Am trying here to explain the ‘Big Data’ theory the easiest way possible:
Let us consider three progressions. It starts with 1st progression, historically data was being generated or accumulated by workers/employees of companies who enter data into the computer system. Now comes the 2nd level progression, things evolve to the internet and now user could generate their own data. Think about Facebook, all the users are signing up and entering their data into the web themselves, that is scalable and larger than the first in order of magnitude; it has scaled up from just employees entering the data to users entering their own data. It means all of a sudden the amount of data being accumulated becomes way higher than historical. Now we can say there is a third level in this progression, because now machines are accumulating data, the buildings, streets everywhere is filled up with monitors and machines that constantly monitors various parameters like say humidity, temperature, electricity usage etc. , there are satellites around the earth that literally monitors everything 24 hours a day, taking pictures and accumulating data. Once machines starts accumulating data, the magnitude becomes higher than users.
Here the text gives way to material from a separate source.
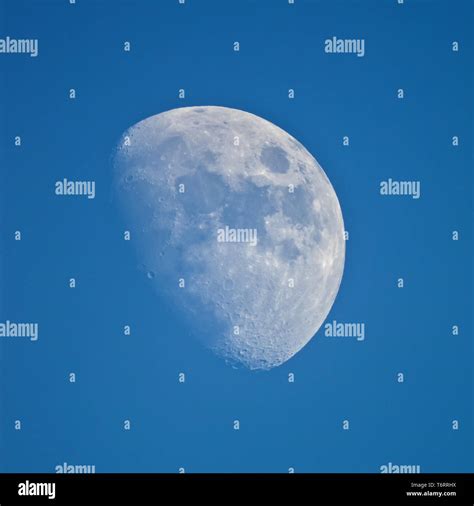 View Of The Moon Through Telescope On The Blue Sky Stock Photo Alamy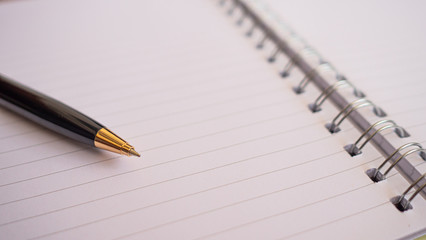 Pen put on notebook  have copy space.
So it’s a progression from workers generating data to users generating data to machines generating data. So we can say there is colossal amount of data that is being accumulated. How does this impact? In the olden days people used relational databases to process through data I.e the data is being brought to the processor to process the data but now things have changed , we have so much of data that it overwhelms the processor and therefore a processor cannot manage processing the entire data. In today’s world multiple processors are coupled together and are being brought to the data. I.e. if you have a whole row of servers and each server has some small components of the whole data sets and you put a processor in each one and this process is called parallel processing it means the data is being processed in a bunch of different places parallelly at the same time. Before, data was being brought to the processor while now processor is being brought to the data which is tremendously much larger. Now we have this whopping amount of data and therefore we need a process which is whopping as well. This is the technological shift.
As the amount of accumulated data increases over the years, so do our storage needs. Companies are accepting that “data is king,” but how do we analyse it?
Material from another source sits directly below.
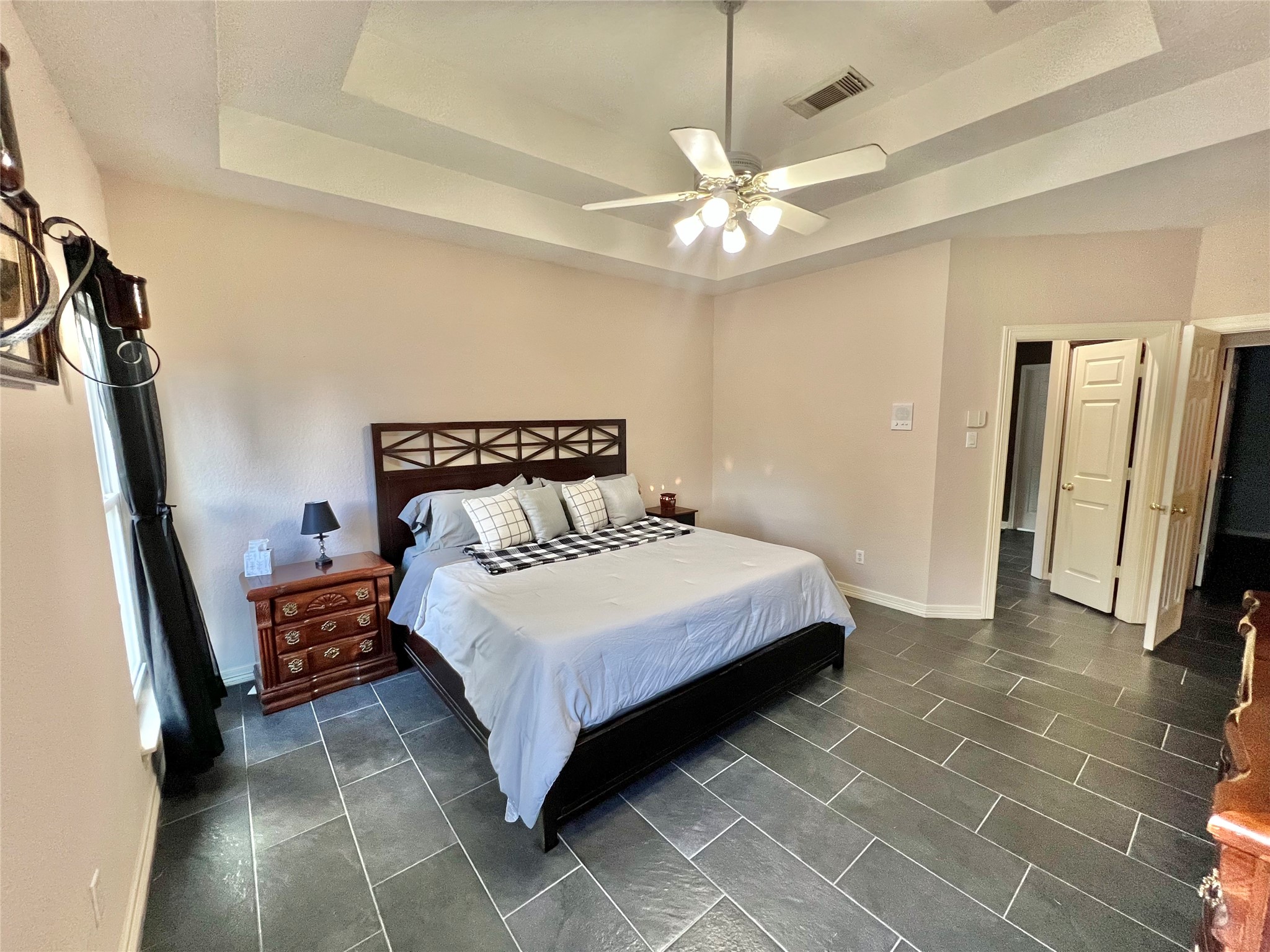150 Cornelia Lane Angleton, TX 77515 - Photo 28 of 45 a bedroom with a bed and a large mirror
Technologies used for Data Processing :
Hadoop is an open-source software framework written in Java for developing and executing distributed applications that process very large amounts of data sets on computer clusters built from commodity hardware. Hadoop is meant to run on large clusters of commodity machines, it became very popular after companies like Yahoo and Facebook used it to analyse user interaction data.
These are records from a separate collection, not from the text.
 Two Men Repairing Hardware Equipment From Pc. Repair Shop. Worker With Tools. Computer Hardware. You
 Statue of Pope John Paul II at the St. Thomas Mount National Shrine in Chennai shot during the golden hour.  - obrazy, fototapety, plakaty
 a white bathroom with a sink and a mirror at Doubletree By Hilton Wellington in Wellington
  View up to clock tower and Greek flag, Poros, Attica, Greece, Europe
MapReduce is a programming model for processing and generating process massive amounts of unstructured data in parallel across a distributed cluster of processors or stand-alone computers.
The Business benefits of Big Data:
Businesses understands that better information to tomorrow’s decision makers bring better business decisions. Big Data transforms the conventional methods of data handling to an intelligent solution by guaranteeing fragmented and automated data delivery of the right information to the right person at the right time. The transformation of business data into business intelligence is normally a costly and time consuming technical process, Big Data offers a new opportunity to better transform data from its raw form into business intelligence. Big data tools essentially facilitate data search, access, visualization and mining, delivering information faster and at a lower cost.
Google has the biggest advantage in this scenario, just think how much data is being accumulate by Google not just in the search capacity but from all the websites that they are indexing and from the other services that they offer like Hangout, Google Drive, Google Analytics, Google Adwords etc. from all this, a colossal amount of data is being accumulated. This data is priceless and it offers a huge opportunity for Google, developing new algorithms providing new profitable services which they can sell i.e. find ways to monetize this data.
Big Data is going to transform our lives, the way we live, work and think. No doubt Big Data is going to be the next Big Thing!